En septembre, deux grands feux ont ravagé 60 % du parc national de Dadiá-Lefkími-Souflí mais aussi ses alentours, dans le nord-est de la Grèce, au carrefour de la Turquie et de la Bulgarie. Vingt personnes sont mortes. Les petits villages ont été épargnés. Mais, au total, 90 000 hectares de champs, de prairies, de bois sont partis en fumée pendant dix-sept jours, dans ce que la Commission européenne a qualifié de « plus grand incendie jamais enregistré dans l’UE ». Une tragédie pour cette forêt unique, sanctuaire de biodiversité. À la croisée des routes migratoires des oiseaux, ce parc national abrite aussi l’une des plus grandes concentrations de rapaces d’Europe.

En haut d’un sommet isolé accessible par une route verglacée, Takis Pistolas contemple chaque jour cet écosystème détruit.

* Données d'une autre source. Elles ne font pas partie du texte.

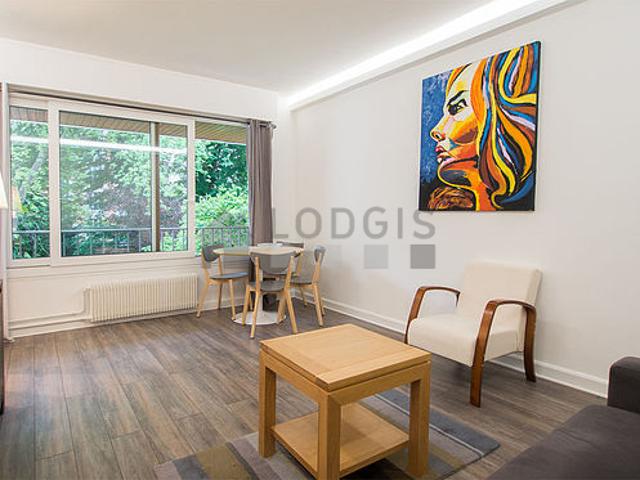 Appartement 1 chambre meublé avec ascenseur et local à vélos Paris 16°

L’éleveur retape son étable sous le regard de ses vaches limousines et de ses chiens qui traquent les loups autour de ses chèvres. Il en a aujourd’hui vingt-deux. Des ossements des soixante-dix-sept autres, qui ont péri dans les feux, jonchent encore l’herbe. « La municipalité [de Dadiá] m’avait demandé d’évacuer mes bêtes en quelques heures, mais comment aurais-je fait ? En les mettant sur mon dos ? », tacle-t-il, ironique, cinq mois plus tard.

À ce moment-là, les deux feux insatiables se rencontraient dans les montagnes. Le premier, dû à un coup de foudre près de la ville d’Alexandroupolis, était remonté vers les villages, poussé par le meltem, un vent venu de la mer Égée. Le second, né au cœur du parc national sans que sa cause puisse être établie, l’avait rejoint. Formant un rideau de flammes destructeur, ces incendies avaient fini par être guidés par leur seule voracité, avalant sur leur passage les pins et les chênes, arbres majoritaires de Dadiá. « Il y a toujours eu des feux dans cette partie de la Méditerranée, mais cette fois, pourquoi dix-sept jours ? », s’interroge Takis Pistolas face à la forêt abîmée.

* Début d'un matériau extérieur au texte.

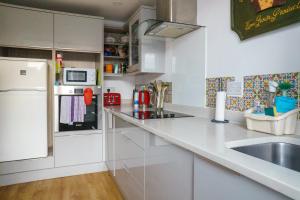 Bright Spacious 2 Bedroom Apartment in Stockbridge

Désormais, l’avenir de celle-ci est « incertain ». Les troncs des arbres sont noircis mais il faudra des années pour déterminer s’ils sont tous morts et envisager de reboiser. Malgré les apparences, certains ont pu survivre. « Maintenant, il faut attendre et laisser la nature faire son œuvre. Nous ne savons pas ce qu’elle nous réserve », philosophe Takis Pistolas.